Recall that $dz^{[1]}$ and $dz^{[2]}$ will be matrices of shape (6, 500) and (1, 500) respectively. $dz^{[1]}$ and $dz^{[2]}$ however are matrices of size (6, 1) and (1, 1). We'll need to take the averages over the 500 columns in the matrices. You can use python code of the form (1/m) * np.sum(dZ1, axis=1, keepdims=True). We need to apply $1/m$ to compute $dW^{[1]}$ and $dW^{[2]}$ as well.

About $g^{[1]'}(z^{[1]})$: since $g^{[1]}(z^{[1]})$ is the tanh-function, its derivative $g^{[1]'}(z^{[1]})$ is equal to $1-a^2$. You can use np.power to compute this.

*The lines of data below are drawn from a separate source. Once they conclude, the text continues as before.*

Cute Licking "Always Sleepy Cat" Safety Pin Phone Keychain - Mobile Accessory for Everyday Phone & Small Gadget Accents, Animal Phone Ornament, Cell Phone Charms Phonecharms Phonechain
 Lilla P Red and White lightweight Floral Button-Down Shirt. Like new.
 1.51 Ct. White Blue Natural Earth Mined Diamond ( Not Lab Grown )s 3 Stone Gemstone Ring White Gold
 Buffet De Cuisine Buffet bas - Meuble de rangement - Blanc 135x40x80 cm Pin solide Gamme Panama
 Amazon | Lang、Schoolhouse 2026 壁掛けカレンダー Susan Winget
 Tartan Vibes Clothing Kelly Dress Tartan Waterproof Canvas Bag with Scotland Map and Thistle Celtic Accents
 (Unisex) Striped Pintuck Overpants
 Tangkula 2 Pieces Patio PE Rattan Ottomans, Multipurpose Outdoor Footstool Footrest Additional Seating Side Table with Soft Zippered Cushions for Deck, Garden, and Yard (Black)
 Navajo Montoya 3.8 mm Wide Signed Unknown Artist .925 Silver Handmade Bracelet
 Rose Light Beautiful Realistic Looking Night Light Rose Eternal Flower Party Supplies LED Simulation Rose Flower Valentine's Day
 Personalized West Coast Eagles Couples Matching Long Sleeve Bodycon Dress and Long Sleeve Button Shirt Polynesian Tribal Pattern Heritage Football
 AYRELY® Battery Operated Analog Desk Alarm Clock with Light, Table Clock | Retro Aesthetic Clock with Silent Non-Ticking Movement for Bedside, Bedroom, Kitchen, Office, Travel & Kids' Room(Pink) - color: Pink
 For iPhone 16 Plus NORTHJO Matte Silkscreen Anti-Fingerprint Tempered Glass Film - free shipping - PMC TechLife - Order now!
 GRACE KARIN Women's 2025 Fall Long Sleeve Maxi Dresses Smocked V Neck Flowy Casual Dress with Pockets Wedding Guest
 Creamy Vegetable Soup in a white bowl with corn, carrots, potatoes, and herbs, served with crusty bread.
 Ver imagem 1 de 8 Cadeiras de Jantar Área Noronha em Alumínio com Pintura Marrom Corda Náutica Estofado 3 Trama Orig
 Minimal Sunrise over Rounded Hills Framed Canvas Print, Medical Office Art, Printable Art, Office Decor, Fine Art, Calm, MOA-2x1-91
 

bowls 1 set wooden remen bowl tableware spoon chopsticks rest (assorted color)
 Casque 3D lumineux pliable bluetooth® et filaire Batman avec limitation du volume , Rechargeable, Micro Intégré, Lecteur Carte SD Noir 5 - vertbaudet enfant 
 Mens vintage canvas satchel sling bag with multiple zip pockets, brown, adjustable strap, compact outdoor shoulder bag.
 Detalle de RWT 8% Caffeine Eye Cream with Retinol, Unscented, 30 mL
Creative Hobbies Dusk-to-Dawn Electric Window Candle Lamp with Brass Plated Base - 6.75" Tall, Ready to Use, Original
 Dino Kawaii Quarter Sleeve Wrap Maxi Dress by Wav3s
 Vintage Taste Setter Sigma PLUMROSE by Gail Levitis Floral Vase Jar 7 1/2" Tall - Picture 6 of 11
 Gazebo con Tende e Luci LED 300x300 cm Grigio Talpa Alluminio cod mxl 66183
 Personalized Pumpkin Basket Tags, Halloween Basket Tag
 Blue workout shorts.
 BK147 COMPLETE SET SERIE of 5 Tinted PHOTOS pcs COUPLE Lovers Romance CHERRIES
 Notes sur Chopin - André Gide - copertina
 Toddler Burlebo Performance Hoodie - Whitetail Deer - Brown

def backward_propagation(parameters, fw_out, X, Y):
    m = X.shape[1]

    W1 = #Your code here; retrieve the appropriate parameter from the parameters variable
    W2 = #Your code here; retrieve the appropriate parameter from the parameters variable

    A1 = #Your code here; retrieve the appropriate parameter from fw_out
    A2 = #Your code here; retrieve the appropriate parameter from fw_out
    
    dZ2 = #Your code here; use the formula provided above
    dW2 = (1/m) * np.dot(dZ2, A1.T) #Code provided
    db2 = (1/m) * np.sum(dZ2,  axis=1, keepdims=True) #Code provided
    dZ1 = #Your code here; use the formula provided above
    dW1 = #Mirror the code provided above
    db1 = #Mirror the code provided above
    
    bw_out = {"dW1": dW1,
              "db1": db1,
              "dW2": dW2,
              "db2": db2}
    
    return bw_out
bw_out = #Use your function above to create the bw_out variable

Update the parameters

To update the parameters, let's go back and use the outputs of the parameter initialization and the backward propagation.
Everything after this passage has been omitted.